Cast: Michael Moore, Charlton Heston, Marilyn Manson, Matt Stone
Director: Michael Moore
Screenplay: Michael Moore
Review published November 18, 2002
He made a splash debut with 1989's terrific documentary ROGER & ME, but for the last thirteen years Michael Moore has done mostly side projects and guest appearances in other films. Now he's back with another challenging documentary, but this time it's a little less personal an endeavor as he has undertaken the gun and violence issue, particularly among children. While the media have all concentrated on the events of the aftermath to the Columbine killings and the Oklahoma City bombing, Michael Moore takes the opposite direction, looking more towards the roots of the people involved and the environment which surrounded them, from the prevalent attitudes towards guns in their respective towns, to the music they listen to, to the types of things shown to them on television. It may have been thirteen years, but BOWLING FOR COLUMBINE is well worth the wait.
The title is derived from the fact that the two boys who murdered and maimed their fellow classmates in Columbine reportedly went to their bowling class before committing the heinous acts. In Moore's typical tongue-in-cheek fashion, he tries to leave no stone unturned in his quest for the truth, including the contemplation that bowling could be the cause of the rage. A ludicrous notion of course, but no more ludicrous, according to Moore, than the media and right-wing activists' quick rush to judgment and condemnation that it was the music they may have listened to that was the root cause, which included shock-rock artist Marilyn Manson, who also has a brief appearance in the film to give his point of view (quite eloquently, I might add.) Although the media may have already closed the book on Columbine now that there are no more "sexy" facts to hype, Moore is still left unsatisfied that the true answers were never uncovered, and along with other well-publicized seemingly senseless acts of violence, he tries to weave an intricate pattern and chain of events that lead him to discover that perhaps there is something very wrong going on in this country that hasn't been addressed.
From the get-go, Moore determines that the roots of gun violence comes not from the usual suspects of our violent history, music or video games, but from a combination of three things: a sensationalistic media that bombards us with constant images to induce fear, our government feeding us the notion that violence and war are the only solutions to any dispute, and the proliferation and easy access to guns and other information to create bombs with the intent to kill one's fellow man.
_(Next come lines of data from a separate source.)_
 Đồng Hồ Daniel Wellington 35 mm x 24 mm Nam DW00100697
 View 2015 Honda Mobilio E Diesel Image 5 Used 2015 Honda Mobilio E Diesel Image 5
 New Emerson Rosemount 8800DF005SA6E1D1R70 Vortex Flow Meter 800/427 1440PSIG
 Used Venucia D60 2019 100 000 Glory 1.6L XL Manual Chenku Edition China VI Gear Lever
Moore eloquently states that "a public out of control with fear should not have guns and ammo laying around," and makes his case by comparing the American society to others around the world which have the same access to music and video games, while also allowing fire-arms, yet have only a small fraction of gun-related deaths. It is fear which perpetuates the violence, Moore stipulates, sensationalizing carnage and death for ratings points, and all the while our country is at war trying to prove our strength not with words, but by bombing the crap out of those who refuse to comply with our will.
I can't claim to agree 100% with everything Moore has to say in BOWLING FOR COLUMBINE, but he delivers such a compelling case that it's hard not to think he isn't onto something very real. Call Moore a propagandist or a comedian with a liberal bent, but there's no denying that there is a true thinking and caring man behind every frame of film, and most impressive is his ability to blend actual interviews filled with fantastic irony in between heart-wrenching displays of grief and despair. Moore knows how to make an argument and do so without ever being blatant or preachy, and part of the joy comes from getting the subtle irony involved in his question and answer sessions with people who obviously have no clue.
BOWLING FOR COLUMBINE easily ranks as one of the best films of the year, and most of the film builds itself up to being on the verge of delivering a powerful statement indicting the government, the NRA, the media and the right-wing for much of the ills we have been suffering through for the last decade. Yet, in typical Moore fashion, the result is a little more subdued than the expected knockout punch, ending the film with an interview with Charlton Heston which shows how out of touch "Moses" is with the entirety of the problems behind gun violence and his lack of sympathy for the victims. Although not going for the jugular, it's still quite effective, since we will now question anything that comes from Heston's mouth or any other NRA proponent, we will wonder why we must go to war on anything and everything we deem a threat to our national interest, and we certainly will never look at the evening news the same way again.
BOWLING FOR COLUMBINE is a brilliant work from a brilliant man, and is recommended for everyone of intelligence, even the staunchest of gun-control opponents. This isn't a liberal film made for other liberals to rally a cause, but on the contrary, it's made to change the opinions of those who never really gave much thought to the situation, and in that vein, it is an effective piece of intellectual persuasion. Hopefully, it won't be another 13 years before we see another.